27 January 2008 | Terrell-4
Harry James and The Andrews Sisters, plus Bonnie-Belle Schlopkiss and Lancelot Pringle McBiff
Private Buckaroo, a high-energy, patriotic movie from 1942, has two uses now. The first is to show us the optimism of our elders as they readied themselves to support the troops fighting in WWII. Sure, the jokes are corny, but the musical numbers crank up the confidence with everything from "Don't Sit Under the Apple Tree" to "Six Jerks in a Jeep." It's not a bad idea to now and then remind ourselves of what an older generation of Americans were facing.
The second use of the movie is to provide fodder for all those graduate students eager for an easy doctorate in "American Popular Culture," a phenomenon that proves, if the money is right, that American universities will offer degrees in just about anything.
The barest of plots has Harry James being drafted.
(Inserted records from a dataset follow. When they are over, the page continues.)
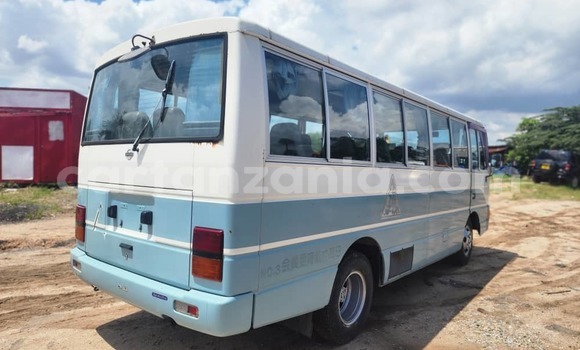 Nunua Imported Nissan Cima Nyeupe Gari ndani ya Dar es Salaam nchini Dar es Salaam Nunua Imported Nissan Cima Nyeupe Gari ndani ya Dar es Salaam nchini Dar es Salaam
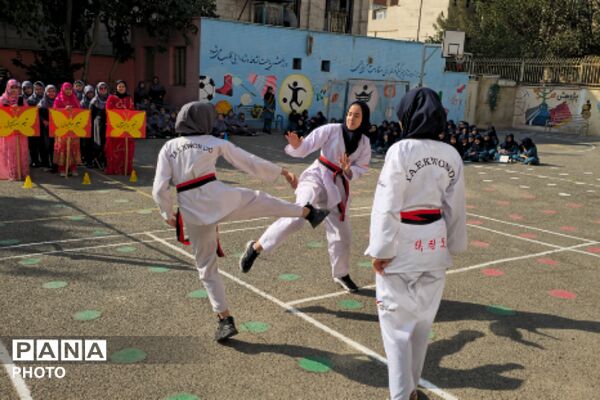 المپیاد ورزشی درون مدرسه‌ای در مدارس شاهد نجمه، راضیه شکرایی و شهید مجید مجیدی ناحیه دو شهرری 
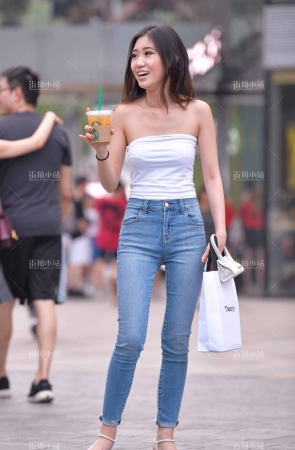 街拍蓝牛美女一枚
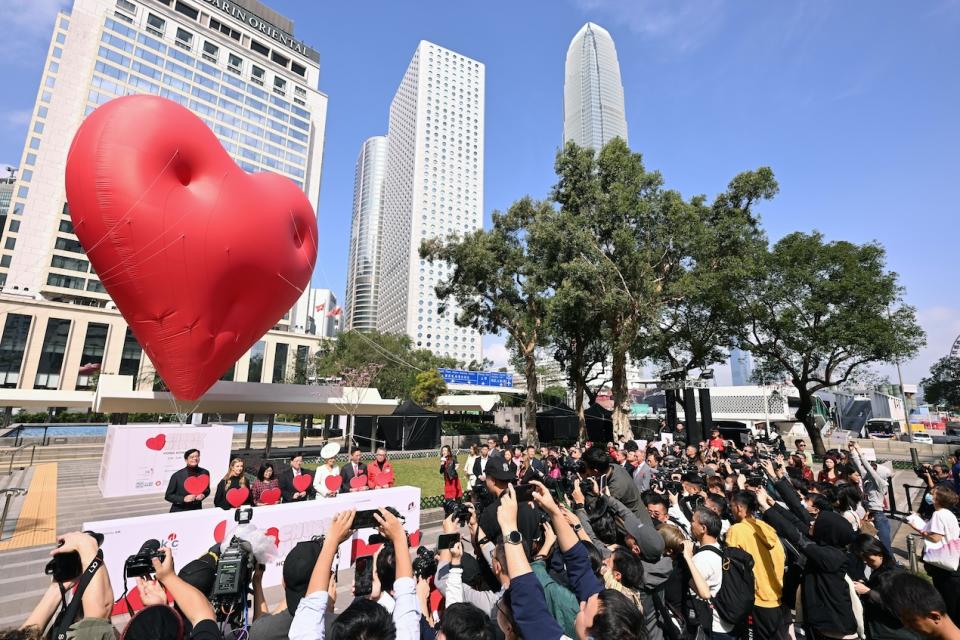 「Chubby Hearts」於本周三（14日）、情人節當日，於中環皇后像廣場花園舉行升空儀式。（大會提供圖片）
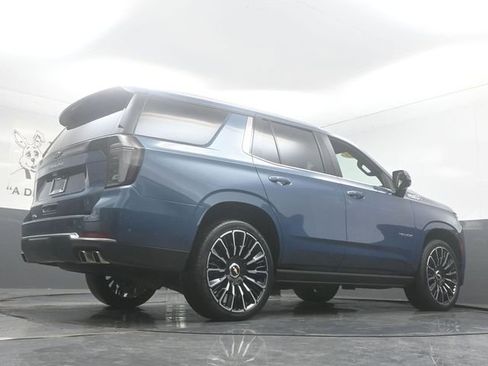 Used 2025 Chevrolet Tahoe High Country AWD/4WD image 35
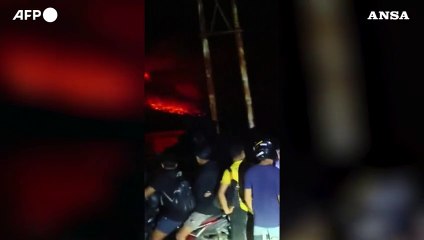 Indonesia, nuova eruzione del Monte Ruang: chiuso l'aeroporto internazionale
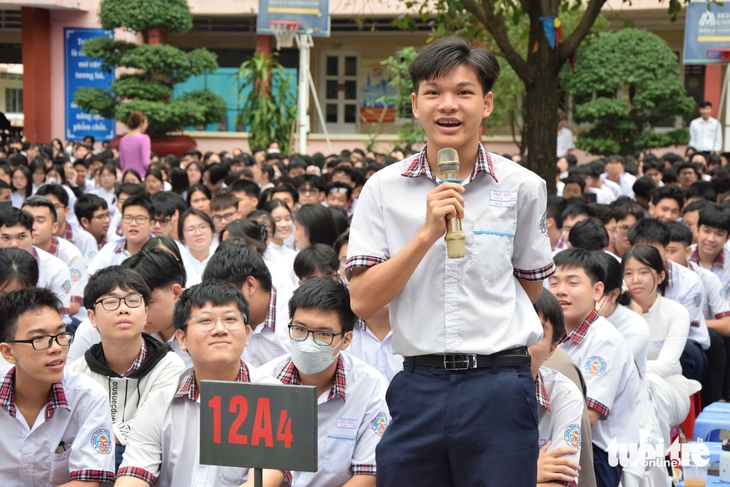 Gần 2.500 học sinh Thủ Đức dự phiên tòa giả định vụ án ma túy từ thuốc lá điện tử - Ảnh 2.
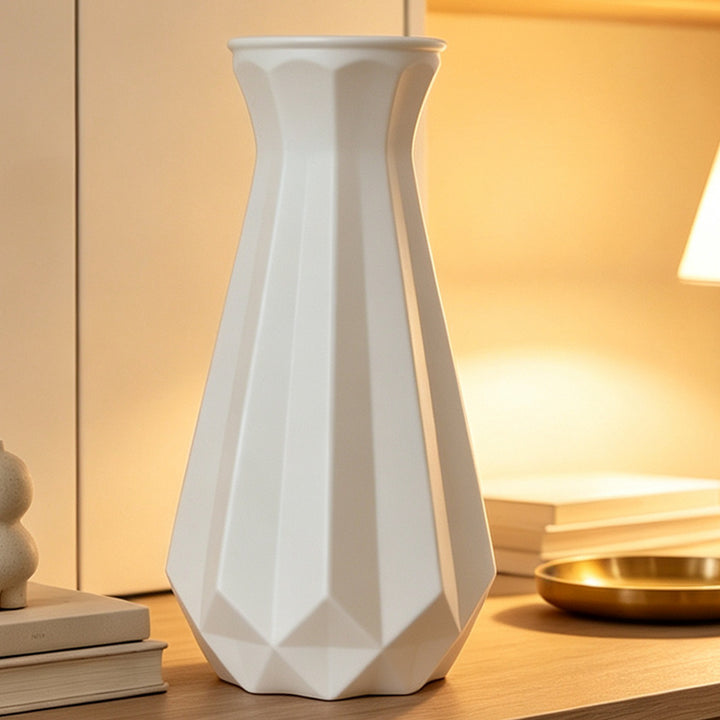 Elegant Geometric Decorative Vase Stornfeild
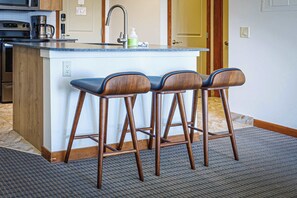 Fridge, microwave, oven, stovetop - Falcon Crest Sunrise Retreat (Canmore)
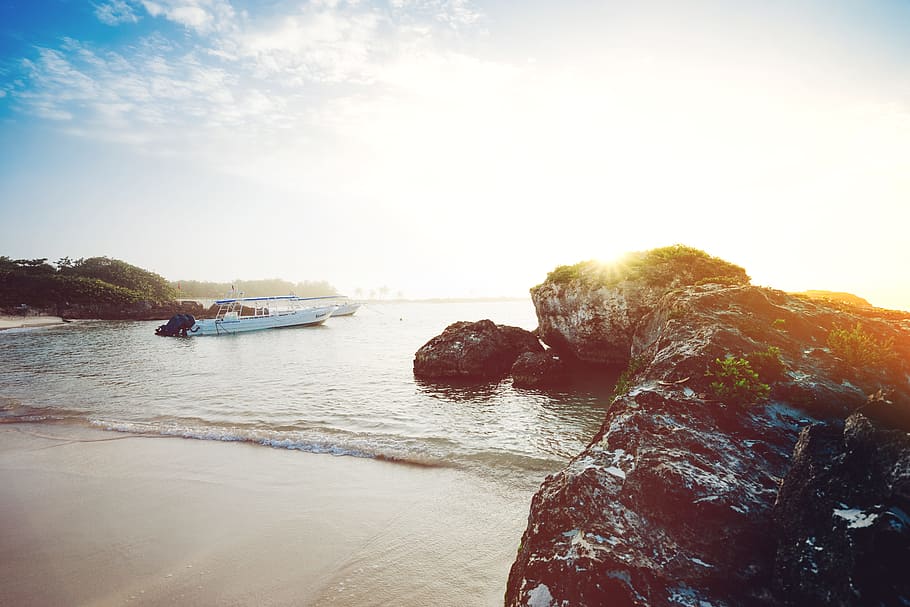 white boat near seashore during daytime, boat at body of water during daytime HD wallpaper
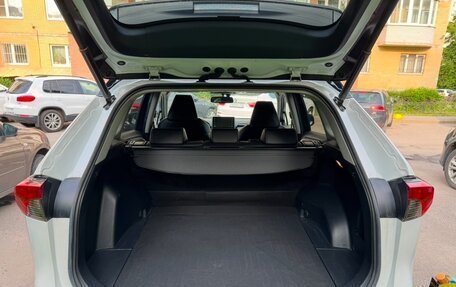 Toyota RAV4, 2022 год, 3 800 000 рублей, 12 фотография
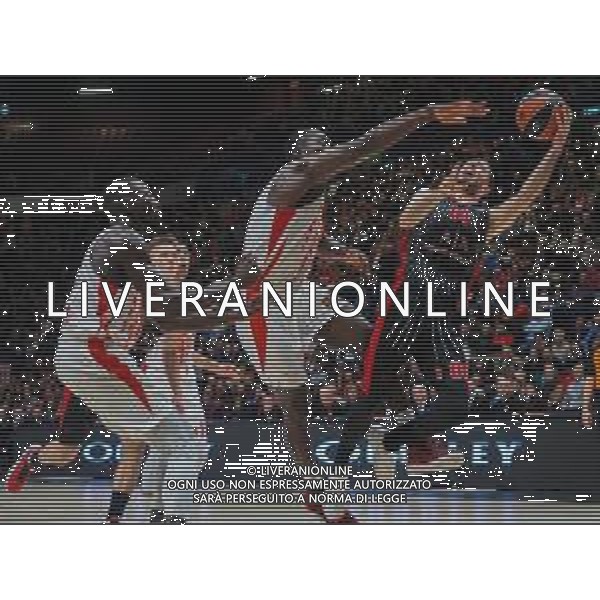 Basket EuroLeague 2019/2020 Milano, Italia 05/12/2019 AX Armani Exchange Milano-Crvena Zvezda Mts Belgrado Nella foto: Amedeo Della Valle della AX Armani Olimpia Milano subisce fallo da Michael Ojo della Crvena Zvezda Mts Stella Rossa Belgrado FOTO SAVINO PAOLELLA-ALESSIO MARINI-AG ALDO LIVERANI SAS
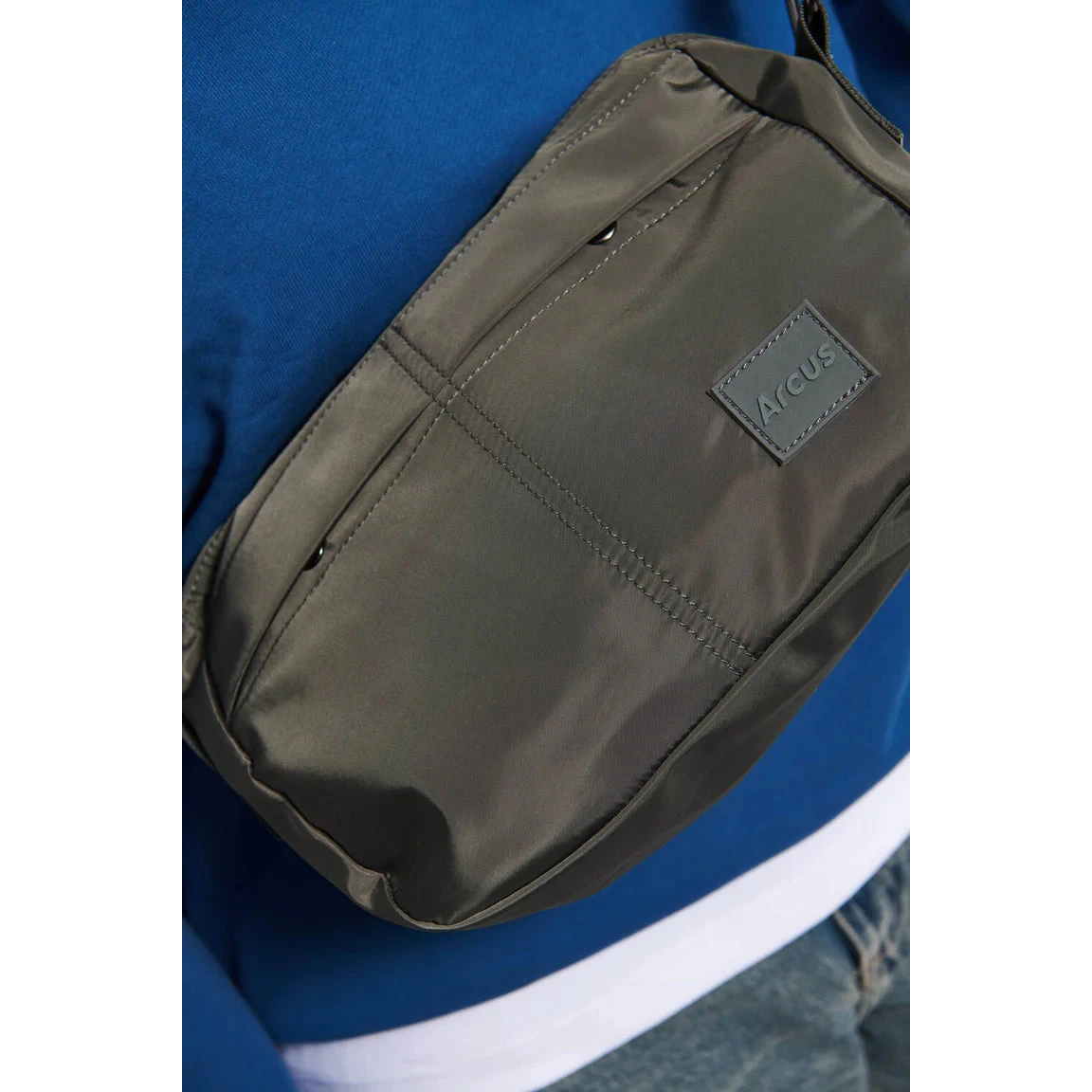 model med ARCUS LILLE CROSSBODY TASKE grå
Naturally, his whole orchestra signs up, too, including Lon Prentice (Dick Foran), his singer who has an attitude adjustment problem. We see the high-jinks of training, a romantic encounter that will serve to straighten Prentice out, and a big show just before the boys ship overseas. All this is just a clothesline to pin on at least 13 musical numbers, and The Andrews Sisters and Harry James do most of them. The comedy intermissions are several. To give you an idea of what Universal's writers were capable of, the three-way romantic laugh relief involves Bonnie-Belle Schlopkiss (a tall and emphatic Mary Wickes), Sergeant Muggsy Sharell (Shemp Howard, who was earlier and later became again one of the Three Stooges) and Lancelot Pringle McBiff (an odd incarnation of stand up comic Joe E. Lewis). Personally, I enjoyed most Huntz Hall as a corporal trying to teach James how to play reveille.
Although some people today can pass by The Andrews Sisters because of their style, particularly Patty Andrews' mugging, the three were expert at close harmony. They have six numbers; all are skillfully delivered with a great deal of verve. As far as Harry James goes, I can't think of a better way to open a movie than James and Helen Forrest giving us the full treatment of "You Made Me Love You." And in one showstopper we have The Jivin' Jacks and Jills, a group of dancing teen-agers formed by Universal to showcase the studio's young talent. The ten kids tap and leap all over the stage to "Apple Tree." The fact that the story line is almost non-existent and that romantic lead Dick Foran, who sounds a bit like a cross between Nelson Eddy and Dennis Morgan, has the personality of a cardboard box really doesn't matter at all.
Doctoral candidates, start writing your dissertation on "The Underlying Significance of B Movies on the Cultural Development of American Civilization During the Formative Years of World War Two, With an Emphasis on the Influence of Teen-Age Tap Dancers on the Defeat of the Axis."